Spain has joined the existing Franco-German effort to develop a future combat air system (FCAS), which is scheduled to enter service by 2040.
During a NATO meeting in Brussels on 14 February, Spain's minister of defence, Margarita Robles, signed a letter of intent with her respective French and German counterparts, Florence Parly and Ursula von der Leyen, covering the country's integration into the programme.
Madrid says that the country is joining the initiative on "equal terms with France and Germany" and that the project will give Spain "leadership visibility" within European security and defence policies.

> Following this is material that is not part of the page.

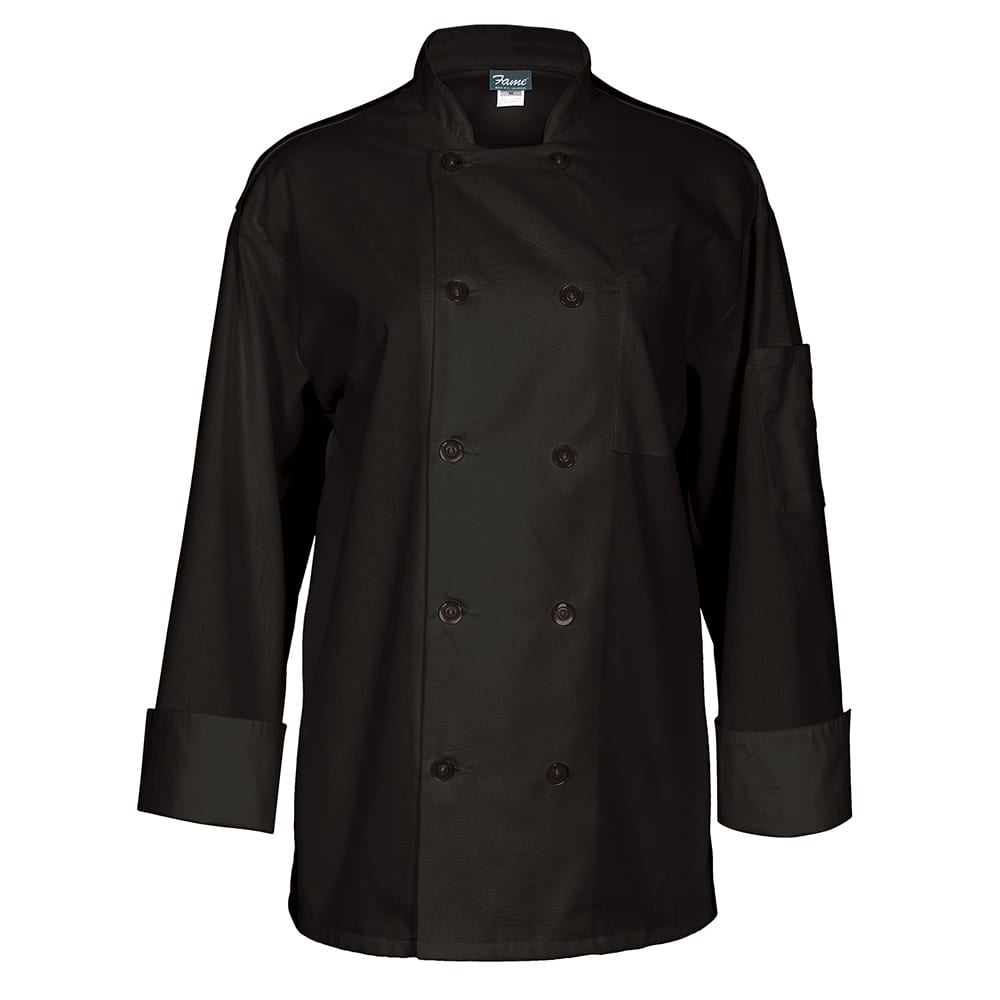 Fame® 10 Button Mesh Back Long Sleeve Chef Coat - C11P (more colors)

Noting that Spain is already a partner in the Eurofighter programme – together with Germany, Italy and the UK – the defence ministry says the commitment will provide "quality opportunities to the Spanish defence industry" and enable the country to maintain a "solid base" of aerospace activities.
The FCAS programme will comprise development of a manned fighter jet and unmanned aircraft, which can be operated together.
Aircraft developed under the programme will replace the Eurofighters operated by Germany and Spain, as well as France's Dassault Rafale fighters.
Airbus Defence & Space – which has extensive activities in Spain – and Dassault have been selected as prime contractors for FCAS programme, while Safran Aircraft Engines and MTU Aero Engines have joined forces to build the aircraft's powerplants.
Spanish manufacturer ITP is a shareholder in the Eurojet consortium that builds the EJ200 engine for the Eurofighter – as is the company's parent, Rolls-Royce.
However, R-R has been selected as propulsion partner for the UK's Tempest next-generation fighter programme.